Brief → Exactly what is written in the records below should be returned, minus the images.

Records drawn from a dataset

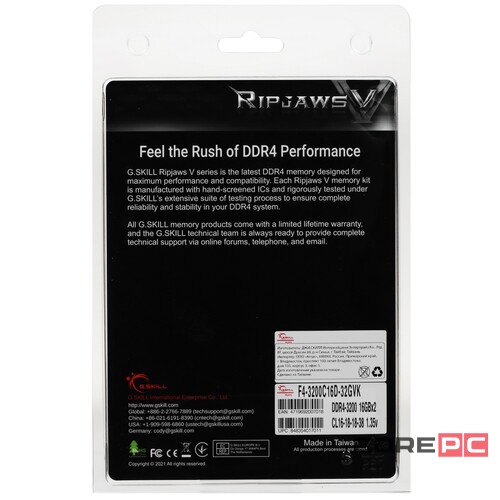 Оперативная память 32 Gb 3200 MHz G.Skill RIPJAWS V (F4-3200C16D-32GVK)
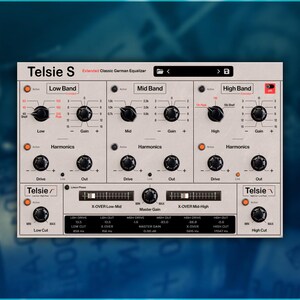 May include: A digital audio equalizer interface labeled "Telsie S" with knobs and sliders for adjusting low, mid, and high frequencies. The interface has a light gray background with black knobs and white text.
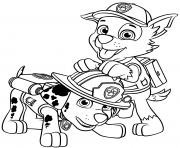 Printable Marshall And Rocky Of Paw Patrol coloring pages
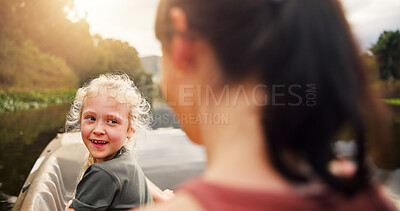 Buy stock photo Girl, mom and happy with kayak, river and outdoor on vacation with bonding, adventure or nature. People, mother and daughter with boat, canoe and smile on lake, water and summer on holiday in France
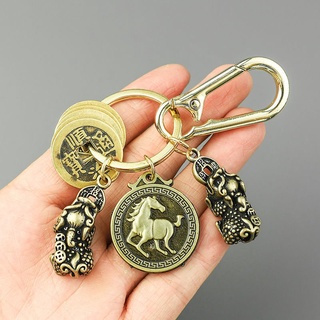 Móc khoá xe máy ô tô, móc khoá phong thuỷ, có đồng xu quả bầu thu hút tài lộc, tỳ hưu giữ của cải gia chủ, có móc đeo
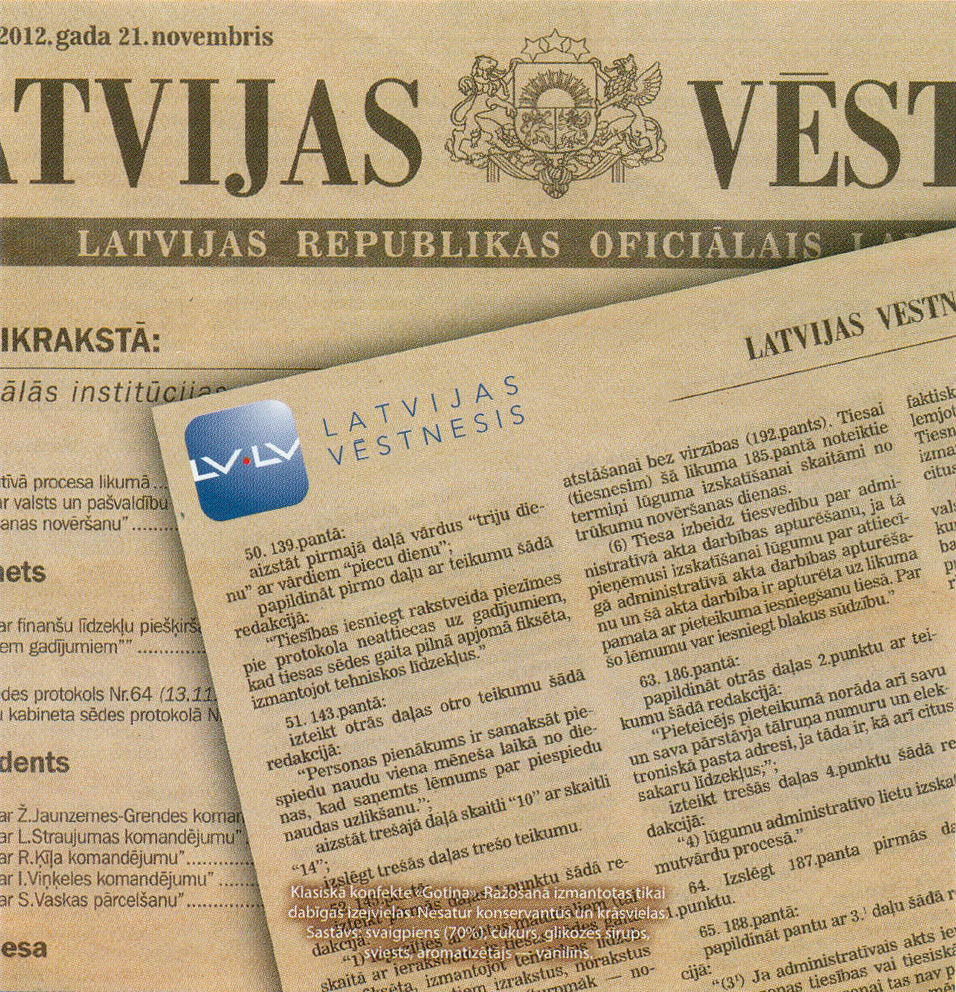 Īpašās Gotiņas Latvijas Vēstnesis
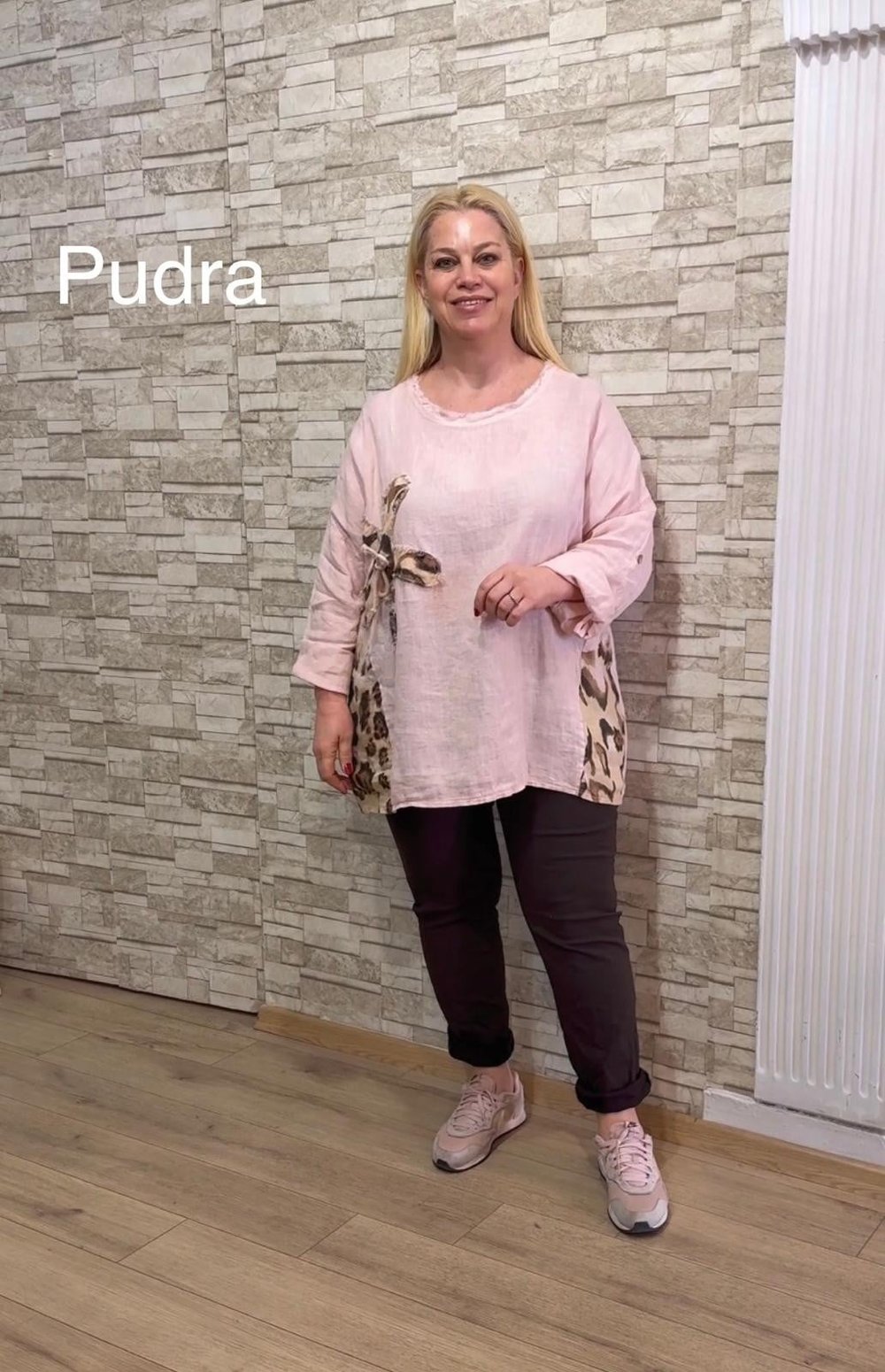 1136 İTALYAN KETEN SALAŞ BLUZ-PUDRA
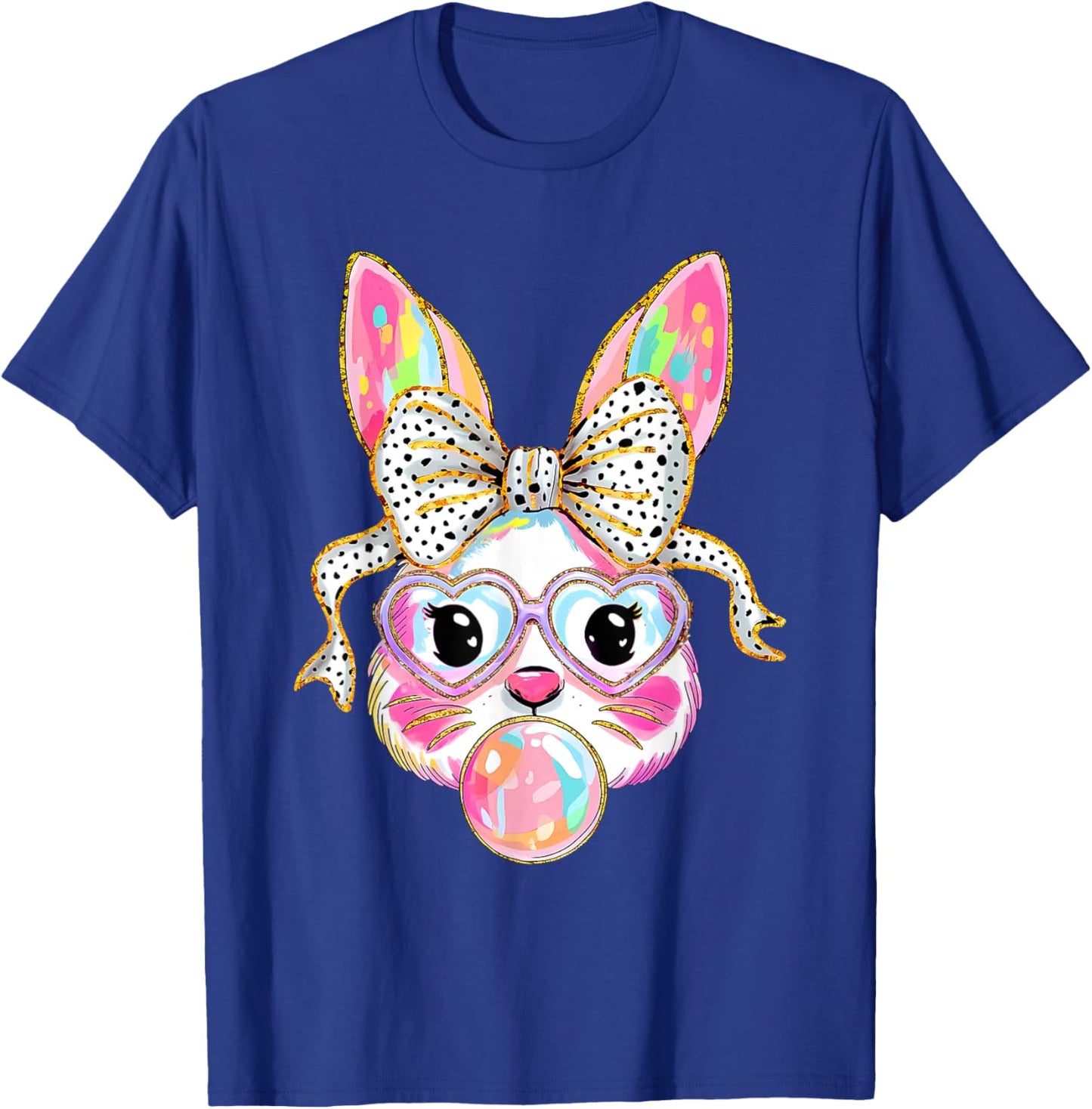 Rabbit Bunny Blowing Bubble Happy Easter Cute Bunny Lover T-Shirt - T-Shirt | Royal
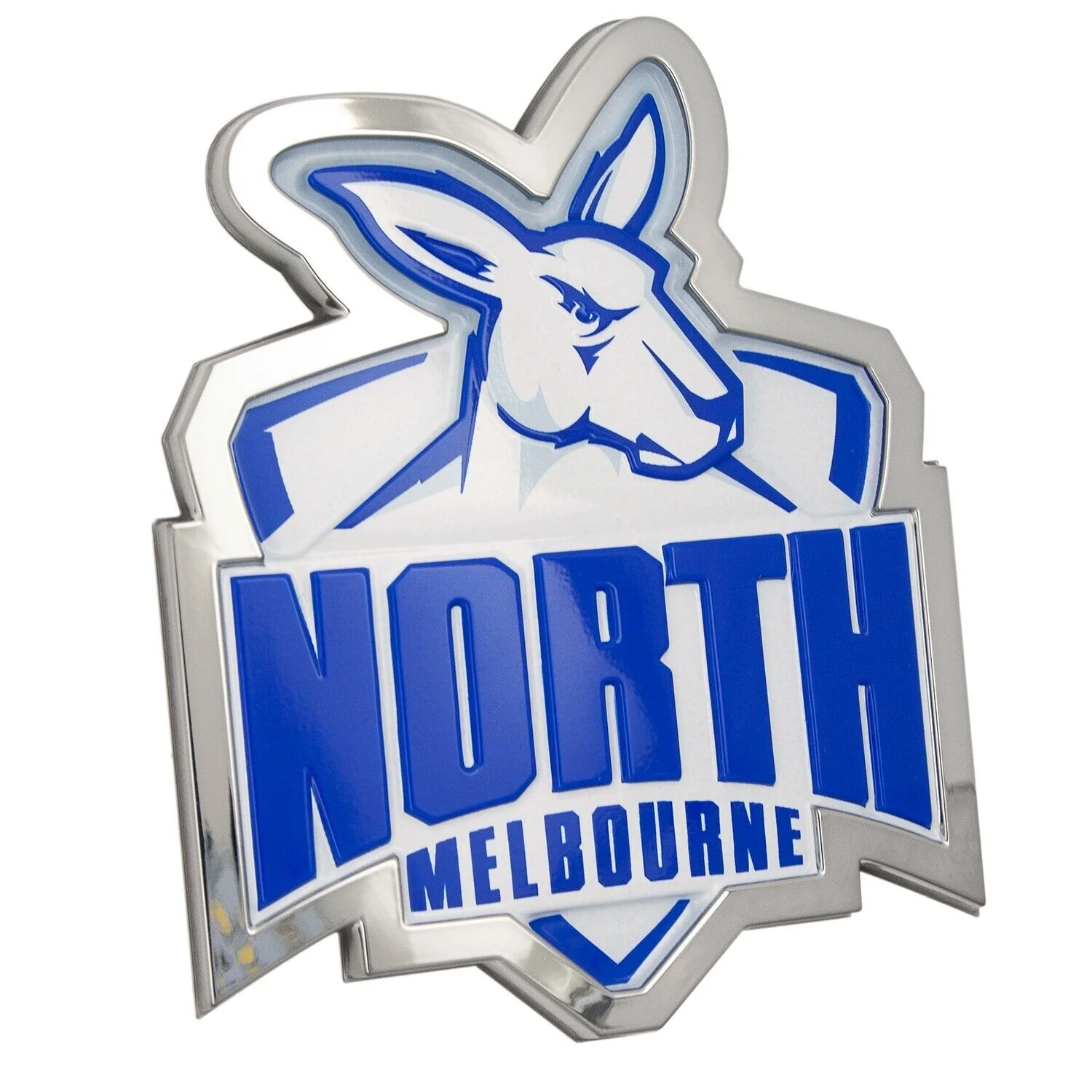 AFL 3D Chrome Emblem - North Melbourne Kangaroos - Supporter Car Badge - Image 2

Exercise result →
 Оперативная память 32 Gb 3200 MHz G.Skill RIPJAWS V (F4-3200C16D-32GVK)
 May include: A digital audio equalizer interface labeled "Telsie S" with knobs and sliders for adjusting low, mid, and high frequencies. The interface has a light gray background with black knobs and white text.
 Printable Marshall And Rocky Of Paw Patrol coloring pages
 Buy stock photo Girl, mom and happy with kayak, river and outdoor on vacation with bonding, adventure or nature. People, mother and daughter with boat, canoe and smile on lake, water and summer on holiday in France
 Móc khoá xe máy ô tô, móc khoá phong thuỷ, có đồng xu quả bầu thu hút tài lộc, tỳ hưu giữ của cải gia chủ, có móc đeo
 Īpašās Gotiņas Latvijas Vēstnesis
 1136 İTALYAN KETEN SALAŞ BLUZ-PUDRA
 Rabbit Bunny Blowing Bubble Happy Easter Cute Bunny Lover T-Shirt - T-Shirt | Royal
 AFL 3D Chrome Emblem - North Melbourne Kangaroos - Supporter Car Badge - Image 2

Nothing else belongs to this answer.